<<<<

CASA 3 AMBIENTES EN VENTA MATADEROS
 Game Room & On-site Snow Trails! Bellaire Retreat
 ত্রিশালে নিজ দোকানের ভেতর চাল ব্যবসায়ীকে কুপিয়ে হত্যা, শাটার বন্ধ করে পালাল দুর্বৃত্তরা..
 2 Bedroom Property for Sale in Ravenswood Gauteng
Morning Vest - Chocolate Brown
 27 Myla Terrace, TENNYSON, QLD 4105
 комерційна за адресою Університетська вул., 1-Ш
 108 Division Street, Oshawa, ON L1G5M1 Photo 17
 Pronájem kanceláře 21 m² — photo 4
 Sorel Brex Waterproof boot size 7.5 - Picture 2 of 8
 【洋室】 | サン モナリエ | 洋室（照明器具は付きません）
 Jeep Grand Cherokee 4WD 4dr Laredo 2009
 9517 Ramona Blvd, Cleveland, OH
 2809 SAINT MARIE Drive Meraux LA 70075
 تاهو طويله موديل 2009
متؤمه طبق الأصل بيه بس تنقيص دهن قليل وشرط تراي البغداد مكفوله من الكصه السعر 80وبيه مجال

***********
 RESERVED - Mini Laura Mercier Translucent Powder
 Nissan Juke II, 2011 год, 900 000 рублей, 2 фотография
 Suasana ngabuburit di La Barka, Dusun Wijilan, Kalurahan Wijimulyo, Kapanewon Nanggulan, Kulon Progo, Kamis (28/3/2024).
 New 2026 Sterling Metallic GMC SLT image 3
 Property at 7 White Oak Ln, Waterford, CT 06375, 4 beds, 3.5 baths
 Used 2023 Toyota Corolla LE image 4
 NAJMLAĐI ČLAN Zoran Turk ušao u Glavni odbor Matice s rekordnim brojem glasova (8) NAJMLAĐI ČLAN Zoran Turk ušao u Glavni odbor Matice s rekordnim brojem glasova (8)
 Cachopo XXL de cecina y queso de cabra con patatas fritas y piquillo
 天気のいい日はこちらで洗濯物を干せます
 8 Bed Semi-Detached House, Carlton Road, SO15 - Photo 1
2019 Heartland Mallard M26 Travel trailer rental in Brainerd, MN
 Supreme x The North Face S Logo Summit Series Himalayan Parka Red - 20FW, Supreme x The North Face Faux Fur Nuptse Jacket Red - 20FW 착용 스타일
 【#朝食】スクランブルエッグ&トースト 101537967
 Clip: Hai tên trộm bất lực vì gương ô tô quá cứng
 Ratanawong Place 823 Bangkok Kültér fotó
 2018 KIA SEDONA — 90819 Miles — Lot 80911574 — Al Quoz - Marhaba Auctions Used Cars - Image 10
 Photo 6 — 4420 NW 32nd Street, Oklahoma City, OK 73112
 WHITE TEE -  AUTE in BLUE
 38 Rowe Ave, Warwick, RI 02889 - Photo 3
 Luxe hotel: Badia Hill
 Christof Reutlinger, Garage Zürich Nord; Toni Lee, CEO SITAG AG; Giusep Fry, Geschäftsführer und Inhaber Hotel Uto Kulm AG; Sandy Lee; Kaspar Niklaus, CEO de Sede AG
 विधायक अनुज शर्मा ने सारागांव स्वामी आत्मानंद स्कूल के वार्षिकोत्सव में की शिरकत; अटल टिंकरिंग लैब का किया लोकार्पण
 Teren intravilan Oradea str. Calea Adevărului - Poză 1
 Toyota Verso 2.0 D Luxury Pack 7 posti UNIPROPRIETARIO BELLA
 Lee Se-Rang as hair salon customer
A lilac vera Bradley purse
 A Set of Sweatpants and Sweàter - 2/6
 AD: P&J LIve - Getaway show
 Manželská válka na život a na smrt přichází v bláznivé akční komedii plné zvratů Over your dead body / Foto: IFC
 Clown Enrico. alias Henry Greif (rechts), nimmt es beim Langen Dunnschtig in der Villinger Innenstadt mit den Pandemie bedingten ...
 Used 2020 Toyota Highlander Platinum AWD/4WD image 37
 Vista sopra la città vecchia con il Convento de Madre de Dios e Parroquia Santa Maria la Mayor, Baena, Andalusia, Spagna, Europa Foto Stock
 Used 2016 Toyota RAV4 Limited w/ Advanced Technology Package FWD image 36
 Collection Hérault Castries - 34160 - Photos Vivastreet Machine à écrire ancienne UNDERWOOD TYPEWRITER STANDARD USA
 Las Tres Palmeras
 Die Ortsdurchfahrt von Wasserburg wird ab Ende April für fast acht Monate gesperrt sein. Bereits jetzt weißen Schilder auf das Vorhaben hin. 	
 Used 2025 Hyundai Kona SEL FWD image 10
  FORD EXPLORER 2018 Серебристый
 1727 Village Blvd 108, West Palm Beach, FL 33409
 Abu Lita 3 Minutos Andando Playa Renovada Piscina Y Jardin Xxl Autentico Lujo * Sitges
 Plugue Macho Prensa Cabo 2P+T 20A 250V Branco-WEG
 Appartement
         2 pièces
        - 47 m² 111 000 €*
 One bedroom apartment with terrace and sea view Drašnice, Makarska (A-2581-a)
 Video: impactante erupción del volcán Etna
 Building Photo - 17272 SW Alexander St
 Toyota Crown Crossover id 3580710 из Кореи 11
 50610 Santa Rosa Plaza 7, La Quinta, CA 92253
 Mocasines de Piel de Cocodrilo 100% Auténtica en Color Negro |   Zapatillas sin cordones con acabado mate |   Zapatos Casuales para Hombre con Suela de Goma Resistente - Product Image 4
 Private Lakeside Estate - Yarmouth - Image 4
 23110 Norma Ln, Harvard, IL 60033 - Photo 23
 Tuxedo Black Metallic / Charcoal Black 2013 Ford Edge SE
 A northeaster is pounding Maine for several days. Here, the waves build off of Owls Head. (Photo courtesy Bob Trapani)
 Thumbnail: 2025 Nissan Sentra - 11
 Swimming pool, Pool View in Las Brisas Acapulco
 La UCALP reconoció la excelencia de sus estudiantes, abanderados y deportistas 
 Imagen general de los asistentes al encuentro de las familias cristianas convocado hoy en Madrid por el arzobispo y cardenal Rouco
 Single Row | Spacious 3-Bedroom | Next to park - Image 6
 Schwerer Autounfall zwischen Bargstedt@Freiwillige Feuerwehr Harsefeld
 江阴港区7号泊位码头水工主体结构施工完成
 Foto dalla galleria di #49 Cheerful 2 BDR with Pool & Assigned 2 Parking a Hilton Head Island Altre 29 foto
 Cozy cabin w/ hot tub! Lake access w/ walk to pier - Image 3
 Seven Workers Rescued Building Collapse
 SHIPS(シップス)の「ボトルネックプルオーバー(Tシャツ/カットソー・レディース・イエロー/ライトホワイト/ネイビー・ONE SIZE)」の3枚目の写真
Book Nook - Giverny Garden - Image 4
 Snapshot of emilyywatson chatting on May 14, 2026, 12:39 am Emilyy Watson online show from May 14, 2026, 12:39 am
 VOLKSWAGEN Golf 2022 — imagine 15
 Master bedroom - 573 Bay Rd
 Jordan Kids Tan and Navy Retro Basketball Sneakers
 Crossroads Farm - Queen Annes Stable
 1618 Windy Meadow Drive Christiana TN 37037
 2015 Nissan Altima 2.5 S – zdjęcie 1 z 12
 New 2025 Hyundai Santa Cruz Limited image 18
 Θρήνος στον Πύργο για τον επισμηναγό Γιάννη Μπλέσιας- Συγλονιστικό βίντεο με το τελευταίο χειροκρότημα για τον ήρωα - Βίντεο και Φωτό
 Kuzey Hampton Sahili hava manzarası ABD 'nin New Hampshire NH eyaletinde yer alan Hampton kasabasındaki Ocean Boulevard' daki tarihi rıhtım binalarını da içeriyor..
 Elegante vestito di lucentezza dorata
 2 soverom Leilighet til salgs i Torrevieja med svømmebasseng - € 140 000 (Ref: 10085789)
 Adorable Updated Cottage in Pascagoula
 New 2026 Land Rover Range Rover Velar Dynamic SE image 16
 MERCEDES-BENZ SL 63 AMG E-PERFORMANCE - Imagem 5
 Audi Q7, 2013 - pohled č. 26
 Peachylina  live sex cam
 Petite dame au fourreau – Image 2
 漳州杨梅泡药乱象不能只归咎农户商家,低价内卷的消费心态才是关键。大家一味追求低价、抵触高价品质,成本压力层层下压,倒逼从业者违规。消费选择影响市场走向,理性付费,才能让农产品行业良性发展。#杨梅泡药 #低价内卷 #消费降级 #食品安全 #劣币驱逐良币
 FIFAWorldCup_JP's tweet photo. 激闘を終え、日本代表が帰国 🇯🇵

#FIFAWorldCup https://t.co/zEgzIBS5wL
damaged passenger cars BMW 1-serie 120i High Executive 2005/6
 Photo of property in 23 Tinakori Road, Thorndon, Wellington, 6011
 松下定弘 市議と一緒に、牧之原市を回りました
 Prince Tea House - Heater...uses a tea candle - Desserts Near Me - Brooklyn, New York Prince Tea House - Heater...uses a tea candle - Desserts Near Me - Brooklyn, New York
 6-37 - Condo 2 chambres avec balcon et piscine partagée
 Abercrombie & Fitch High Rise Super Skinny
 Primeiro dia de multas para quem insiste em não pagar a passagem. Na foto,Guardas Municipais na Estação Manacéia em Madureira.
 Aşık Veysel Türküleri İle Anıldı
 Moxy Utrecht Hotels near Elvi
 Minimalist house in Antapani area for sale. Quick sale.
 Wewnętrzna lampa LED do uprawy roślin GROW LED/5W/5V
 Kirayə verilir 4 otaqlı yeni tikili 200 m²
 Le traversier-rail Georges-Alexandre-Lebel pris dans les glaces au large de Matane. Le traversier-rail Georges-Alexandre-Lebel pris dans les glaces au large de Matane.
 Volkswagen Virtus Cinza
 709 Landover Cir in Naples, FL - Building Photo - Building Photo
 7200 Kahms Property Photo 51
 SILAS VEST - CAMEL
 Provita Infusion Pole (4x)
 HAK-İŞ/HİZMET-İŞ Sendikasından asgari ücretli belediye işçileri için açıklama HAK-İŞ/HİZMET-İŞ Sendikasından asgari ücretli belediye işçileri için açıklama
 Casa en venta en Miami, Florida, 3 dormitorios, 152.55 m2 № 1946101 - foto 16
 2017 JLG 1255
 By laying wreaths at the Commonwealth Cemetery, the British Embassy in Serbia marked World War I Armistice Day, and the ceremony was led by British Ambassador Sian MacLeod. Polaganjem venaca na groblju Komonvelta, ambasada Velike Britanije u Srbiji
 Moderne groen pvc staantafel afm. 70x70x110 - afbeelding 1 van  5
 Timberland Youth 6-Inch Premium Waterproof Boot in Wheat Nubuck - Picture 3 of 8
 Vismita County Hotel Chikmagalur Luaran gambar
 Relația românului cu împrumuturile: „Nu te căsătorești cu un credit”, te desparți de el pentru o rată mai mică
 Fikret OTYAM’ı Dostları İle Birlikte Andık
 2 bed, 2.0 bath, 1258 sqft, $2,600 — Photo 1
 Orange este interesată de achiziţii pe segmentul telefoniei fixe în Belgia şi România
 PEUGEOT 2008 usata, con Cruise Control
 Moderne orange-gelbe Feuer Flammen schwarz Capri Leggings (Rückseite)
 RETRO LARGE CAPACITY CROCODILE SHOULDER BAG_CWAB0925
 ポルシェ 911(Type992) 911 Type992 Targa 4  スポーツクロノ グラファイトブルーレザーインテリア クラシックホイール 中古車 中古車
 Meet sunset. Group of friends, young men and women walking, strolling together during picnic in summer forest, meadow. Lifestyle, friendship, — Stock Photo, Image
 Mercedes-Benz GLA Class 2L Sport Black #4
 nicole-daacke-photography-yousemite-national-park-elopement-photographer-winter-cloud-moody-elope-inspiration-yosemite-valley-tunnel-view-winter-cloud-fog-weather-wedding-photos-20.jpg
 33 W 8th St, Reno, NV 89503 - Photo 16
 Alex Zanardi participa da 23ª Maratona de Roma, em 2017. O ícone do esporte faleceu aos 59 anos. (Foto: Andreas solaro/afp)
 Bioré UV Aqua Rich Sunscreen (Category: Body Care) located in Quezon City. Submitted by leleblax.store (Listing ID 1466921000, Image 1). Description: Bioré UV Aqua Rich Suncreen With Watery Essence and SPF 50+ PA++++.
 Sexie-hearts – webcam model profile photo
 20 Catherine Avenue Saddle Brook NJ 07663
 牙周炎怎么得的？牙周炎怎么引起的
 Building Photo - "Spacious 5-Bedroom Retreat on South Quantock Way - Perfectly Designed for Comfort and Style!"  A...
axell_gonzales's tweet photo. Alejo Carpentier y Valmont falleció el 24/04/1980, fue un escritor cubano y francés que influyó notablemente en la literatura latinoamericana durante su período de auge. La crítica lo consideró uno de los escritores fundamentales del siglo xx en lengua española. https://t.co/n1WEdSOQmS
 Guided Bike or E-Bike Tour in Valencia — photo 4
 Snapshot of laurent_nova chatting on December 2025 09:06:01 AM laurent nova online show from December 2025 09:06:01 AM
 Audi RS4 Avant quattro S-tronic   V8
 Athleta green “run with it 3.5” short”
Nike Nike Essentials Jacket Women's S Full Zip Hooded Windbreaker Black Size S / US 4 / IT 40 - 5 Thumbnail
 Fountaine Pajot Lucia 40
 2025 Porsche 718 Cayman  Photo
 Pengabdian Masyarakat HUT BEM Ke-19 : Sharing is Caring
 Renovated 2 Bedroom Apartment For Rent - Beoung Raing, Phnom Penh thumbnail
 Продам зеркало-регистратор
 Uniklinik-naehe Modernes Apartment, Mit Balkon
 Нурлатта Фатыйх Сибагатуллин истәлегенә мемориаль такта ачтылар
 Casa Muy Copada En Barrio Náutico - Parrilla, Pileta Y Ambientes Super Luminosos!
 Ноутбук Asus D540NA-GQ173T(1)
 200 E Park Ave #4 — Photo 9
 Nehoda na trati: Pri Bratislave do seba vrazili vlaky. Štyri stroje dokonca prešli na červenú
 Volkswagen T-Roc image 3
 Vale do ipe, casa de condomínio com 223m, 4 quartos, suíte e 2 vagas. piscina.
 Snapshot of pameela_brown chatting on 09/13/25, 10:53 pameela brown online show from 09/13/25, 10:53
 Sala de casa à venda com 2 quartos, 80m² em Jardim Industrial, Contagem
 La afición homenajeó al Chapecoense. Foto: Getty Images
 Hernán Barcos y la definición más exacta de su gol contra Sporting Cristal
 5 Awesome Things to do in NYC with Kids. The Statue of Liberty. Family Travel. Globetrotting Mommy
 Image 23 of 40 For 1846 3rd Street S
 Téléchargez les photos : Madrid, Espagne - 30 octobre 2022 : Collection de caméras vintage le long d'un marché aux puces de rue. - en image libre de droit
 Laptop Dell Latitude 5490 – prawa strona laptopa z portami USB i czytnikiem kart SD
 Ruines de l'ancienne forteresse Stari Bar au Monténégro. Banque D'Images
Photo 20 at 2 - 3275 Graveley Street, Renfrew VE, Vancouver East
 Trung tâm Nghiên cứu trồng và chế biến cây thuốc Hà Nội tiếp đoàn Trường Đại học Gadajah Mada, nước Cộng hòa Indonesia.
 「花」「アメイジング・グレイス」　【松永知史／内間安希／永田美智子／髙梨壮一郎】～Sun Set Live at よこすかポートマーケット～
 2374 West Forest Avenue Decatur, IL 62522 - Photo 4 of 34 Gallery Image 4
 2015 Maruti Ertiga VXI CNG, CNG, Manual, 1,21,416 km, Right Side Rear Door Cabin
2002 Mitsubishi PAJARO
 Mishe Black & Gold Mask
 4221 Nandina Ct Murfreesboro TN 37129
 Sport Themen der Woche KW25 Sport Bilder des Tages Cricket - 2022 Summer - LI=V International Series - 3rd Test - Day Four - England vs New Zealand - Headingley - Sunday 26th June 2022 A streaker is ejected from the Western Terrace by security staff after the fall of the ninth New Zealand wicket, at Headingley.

>>>>

**WORK ORDER:** Among the records above, repeat exactly the line with "天気のいい日はこちらで洗濯物を干せます", the line with "Supreme x The North Face S", and every line in between, and only those.

**SOLUTION TO THE PROBLEM:**
 天気のいい日はこちらで洗濯物を干せます
 8 Bed Semi-Detached House, Carlton Road, SO15 - Photo 1
2019 Heartland Mallard M26 Travel trailer rental in Brainerd, MN
 Supreme x The North Face S Logo Summit Series Himalayan Parka Red - 20FW, Supreme x The North Face Faux Fur Nuptse Jacket Red - 20FW 착용 스타일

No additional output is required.